Evaluation of 254 miRNAs previously associated with colon cancer, MSI tumor phenotype, or with survival after diagnosis with colorectal cancer showed a great deal of variability in the number of targeted genes for each miRNA in miRTarBase. A major finding is the documentation of the incompleteness of the target genes for many miRNAs. Although our study was limited to colon cancer and could be considered a partial database with respect to miRTarBase, we identified numerous genes whose expression was associated with miRNA expression in colon tissue that were not identified in miRTarBase by similar gene expression methods. We believe that this variability is indicative of the extent to which miRNAs have been studied than actual differences in the number of targeted genes by specific miRNAs.

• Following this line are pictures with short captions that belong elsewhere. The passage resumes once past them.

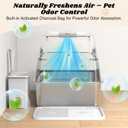 Stainless Steel Litter Box | Enclosed Cat Litter Box with Lid for Big Cats | High Sided Metal Litter Boxes | 100% Anti-Urine Leakage | Odor Control | Non-Stick with Litter Mat & Litter Scoop Set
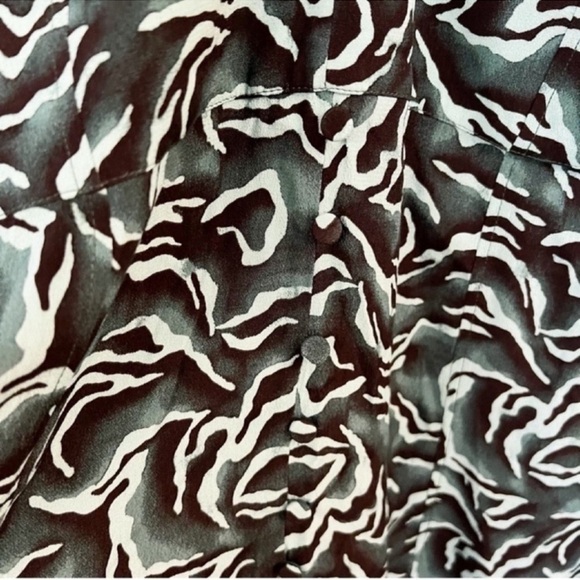 Whistles Asos Watercolour Zebra Print Dress Button Front V-neck Size 14 NEW - Picture 2 of 12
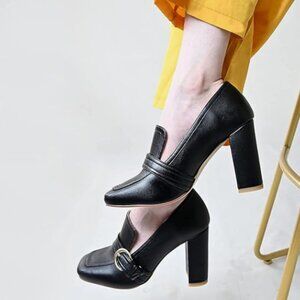 YDN Black Matt Chunky High Heels Square Toe Loafer Slip On Office Buckle Pumps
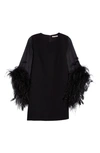Alice And Olivia Women's Izola Feather-trim Minidress In Black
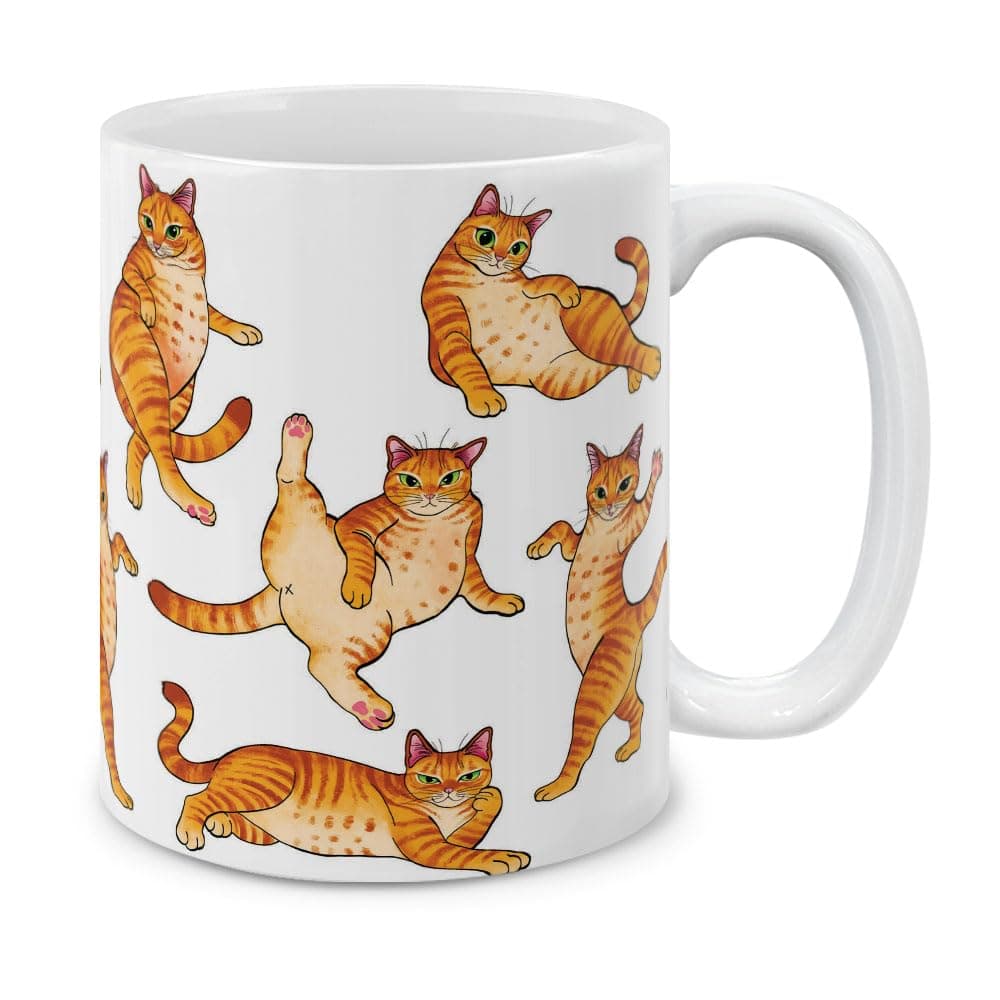 MUGBREW Orange Tabby Cat Funny Playful Postures Ceramic Coffee Mug Tea Cup, 11 OZ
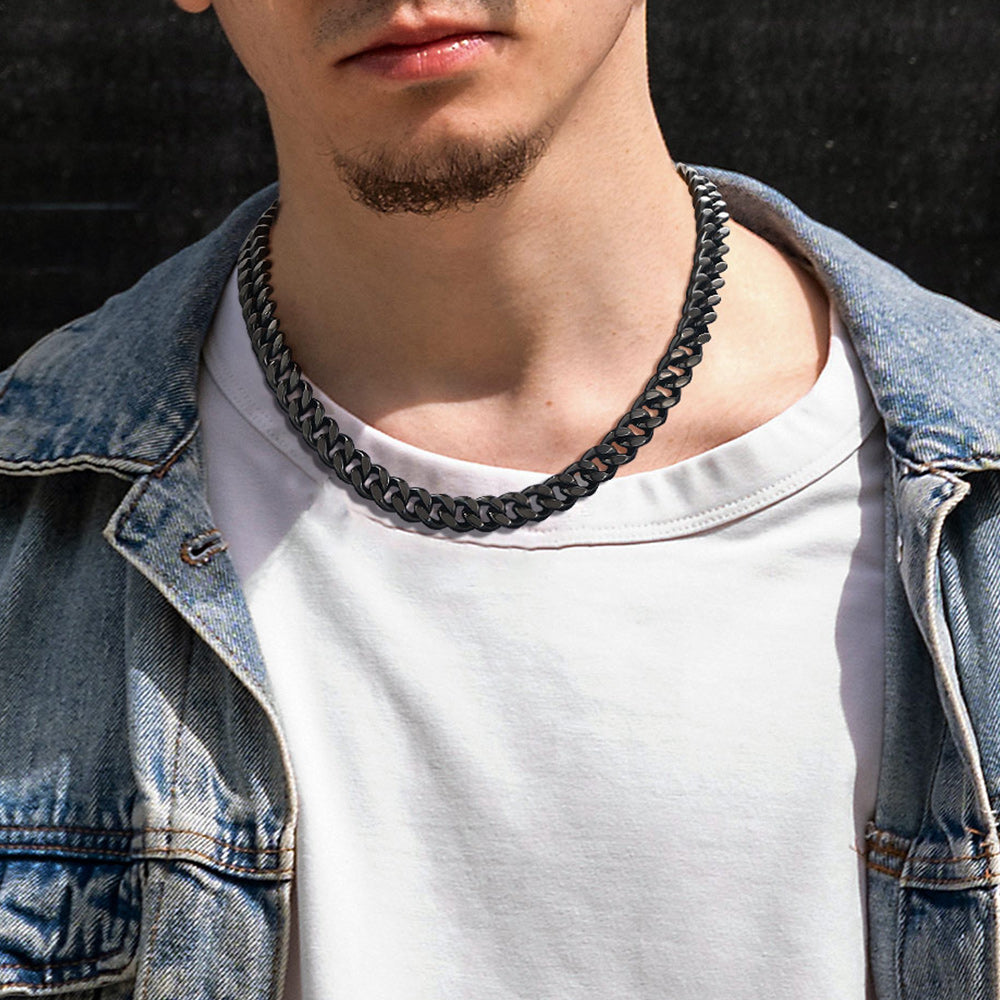 9mm Sturdy Cuban Link Chain & Bracelet Set for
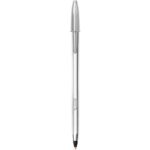 BIC Stylo bille Cristal Original Shine. Corps argent. Pointe moyenne 1mm. Encre noire – Image 2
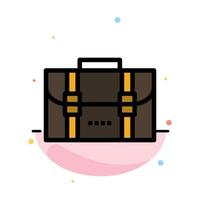 Backpack Bag Travel Office Abstract Flat Color Icon Template vector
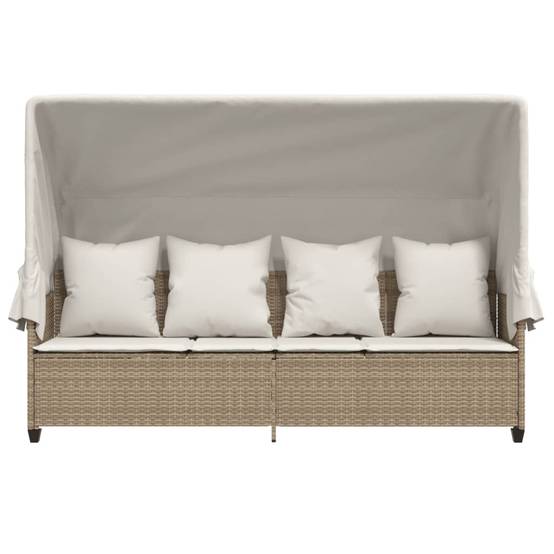 Chaise longue | Transat | Bain de soleil avec auvent et coussins beige résine tressée - Image 6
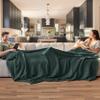 Bedsure Gentlesoft 100% Cotton Blanket Queen Size for Bed - Breathable and Soft for Spring Summer, Thick Cozy Waffle Weave Blanket Gifts for Women, Dark Green, 90x90 Inches view 2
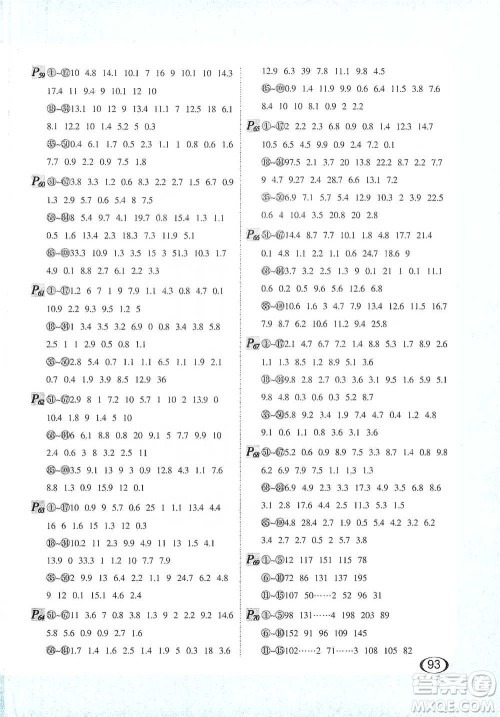 河北教育出版社2021每天100道口算题卡计时测评三年级下册通用版参考答案 河北教育出版社2021每天100道口算题卡计时测评三年级下册通用版参考答案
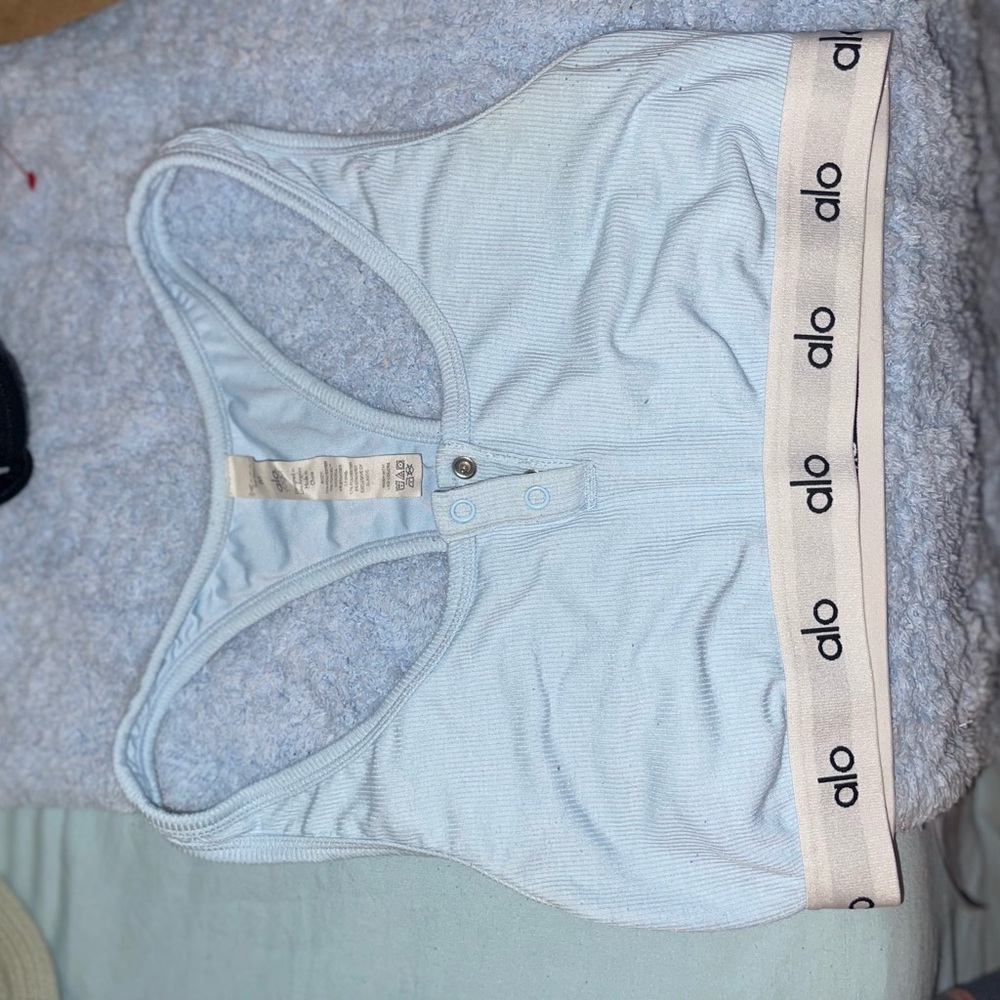 ALO Yoga Light Blue Sports Bra with White Band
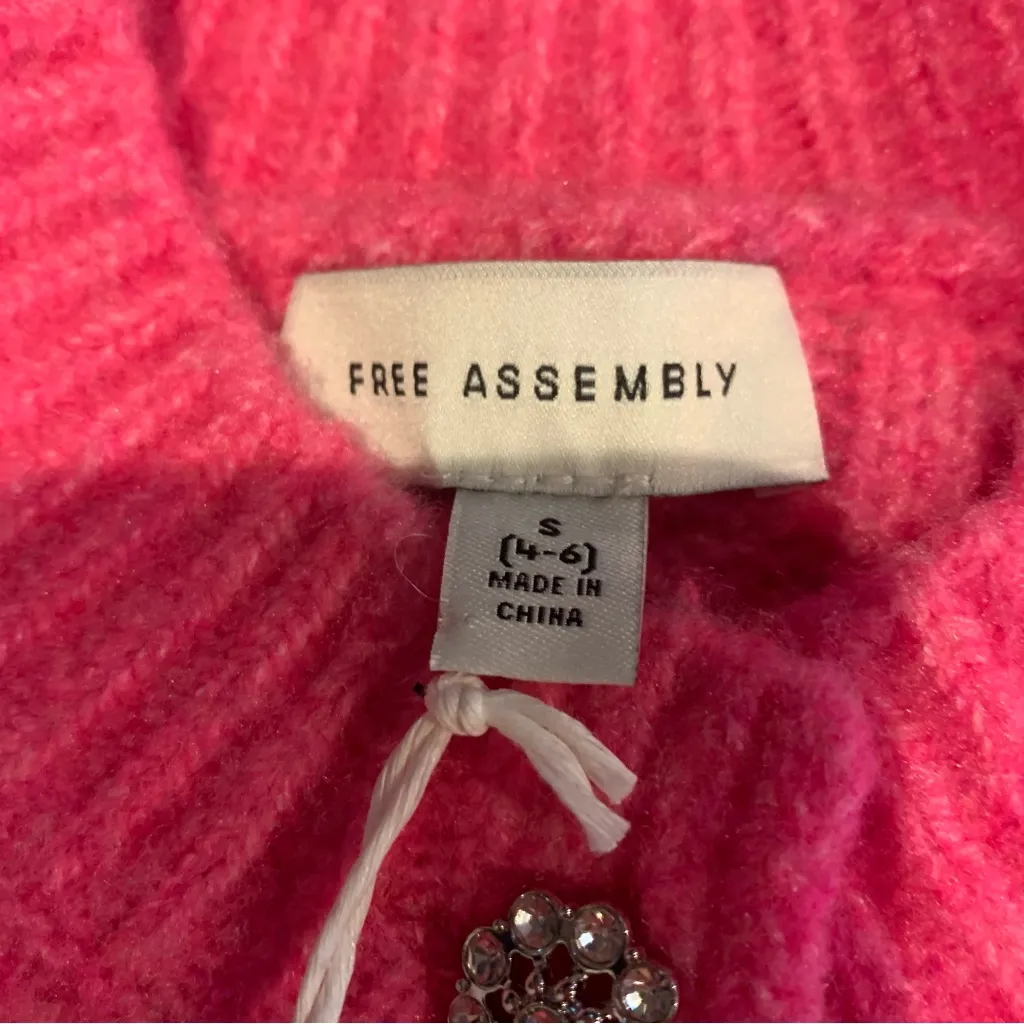 Pink Cable Knit Women's Puff Sleeve Sweater size small 4/6 - Image 5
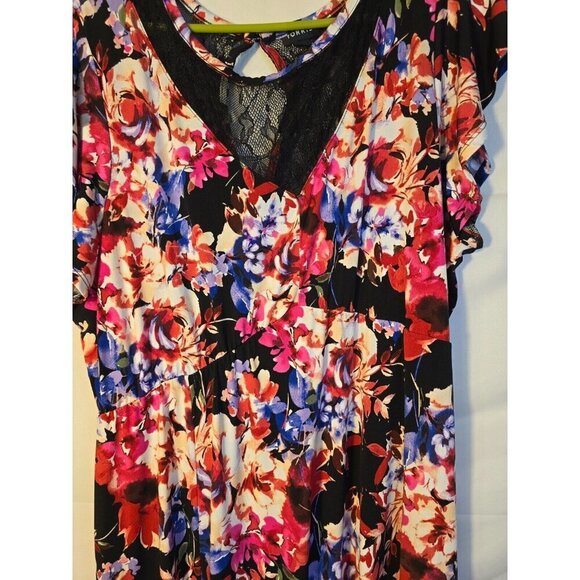 Torrid Long Beautiful floral Maxi Dress Lacy Romantic Womens Plus Size 3 3X - Picture 5 of 6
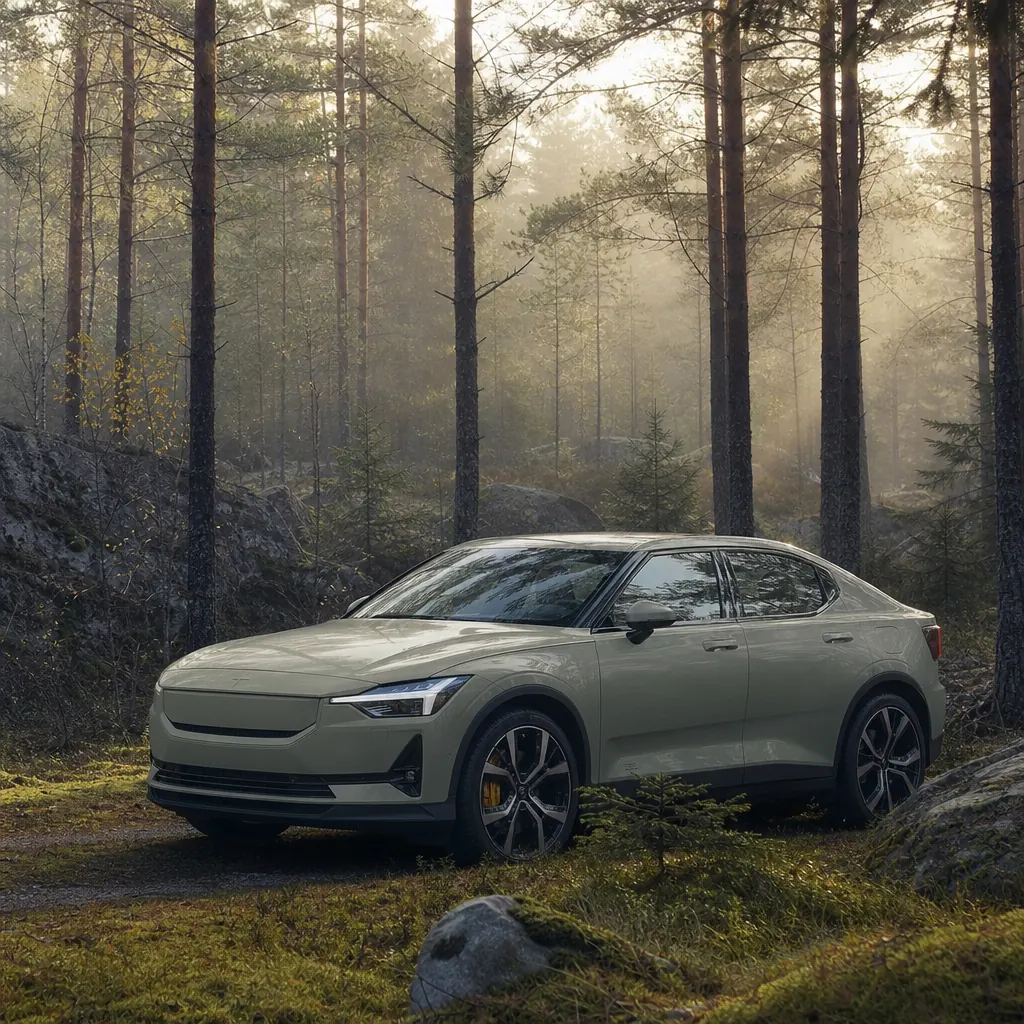 Polestar 2 i en svensk granskog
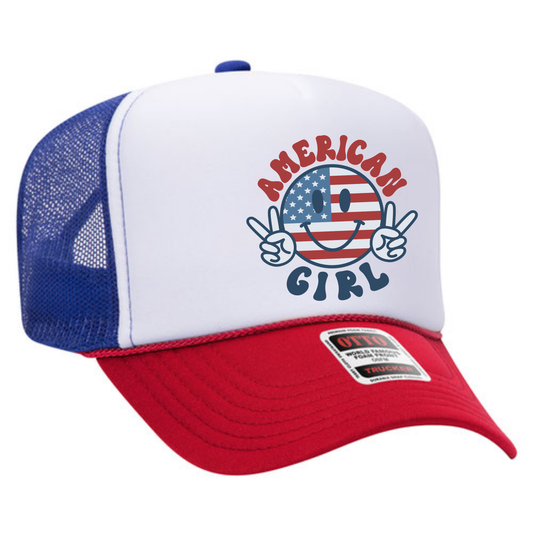 American Girl Trucker Hat 💖 Patriotic Peace Sign Snapback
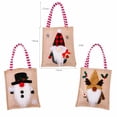 thumbnail image 4 of 1 Pack Large Christmas Linen Gift Bag Reusable Tote Bags with Handle,Linen Grocery Shopping Totes Santa Claus Snowman Reindeer Bag for Holiday Xmas Event Party, 4 of 5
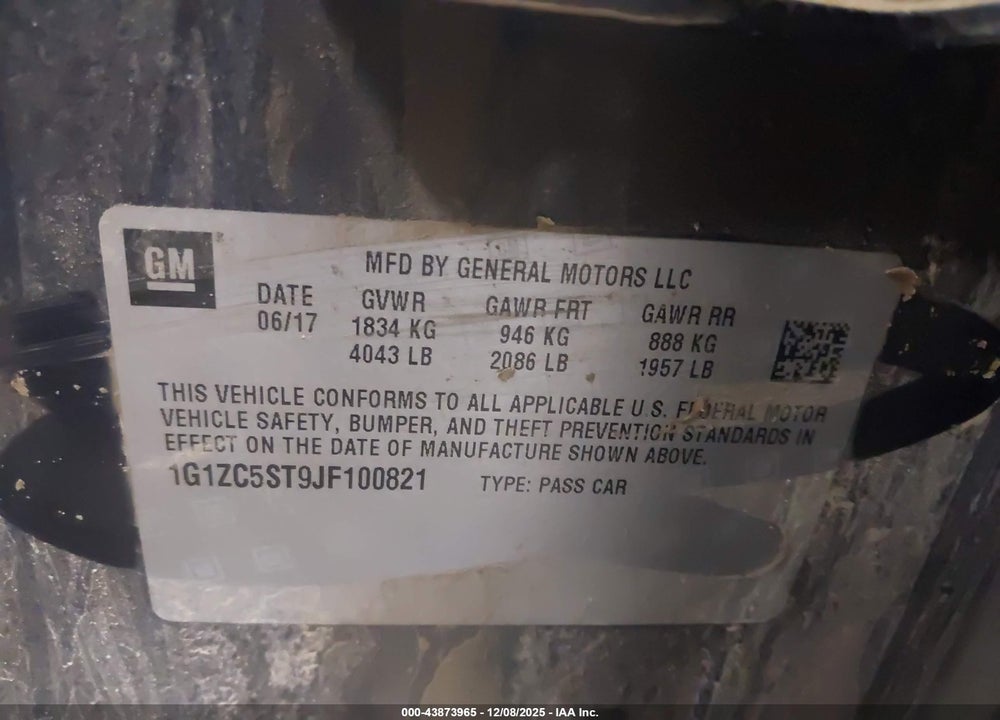 2018 CHEVROLET MALIBU 1FL VIN: 1G1ZC5ST9JF100821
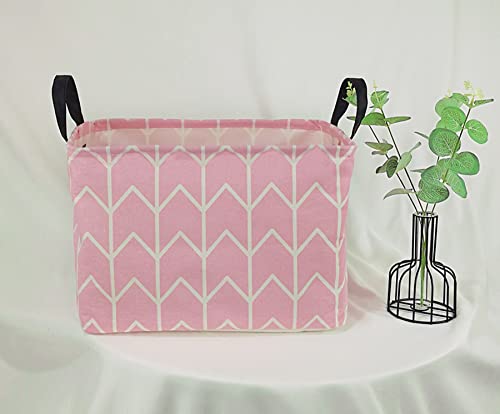 Image of Baby Storage Basket Nursery Box Laundry Hamper Organization Bins for Toys and Clothes with Handles (Pink)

However, the implications for determining functionality and pathways associated with genes targeted by miRNAs resulting from this discrepancy are many; pathways are driven by those miRNAs which have been researched the most. Second, although our partial database is restricted to only colon tissue and gene expression, it points out other limitations. First, our inability to identify target genes incorporated in the database from similar gene expression studies suggests that tissue specificity is important in determine disease-specific pathways. Pathways that encumber non–site-specific genes could obviously be irrelevant for the disease and tissue of interest. In short, although miRNA-mRNA associations may exist in some tissues, they may not be relevant in other tissue types. Our data suggest that 2% to 3% of targeted genes are not expressed in colon tissue and of those miRNA-mRNA associations reported in databases that are expressed in colon tissue, and less than 50% of targeted genes previously identified with mRNA validation methods could be validated with RNA-Seq data in our colon cancer samples. Lack of specificity can limit the accuracy of projected pathways generated by existing databases.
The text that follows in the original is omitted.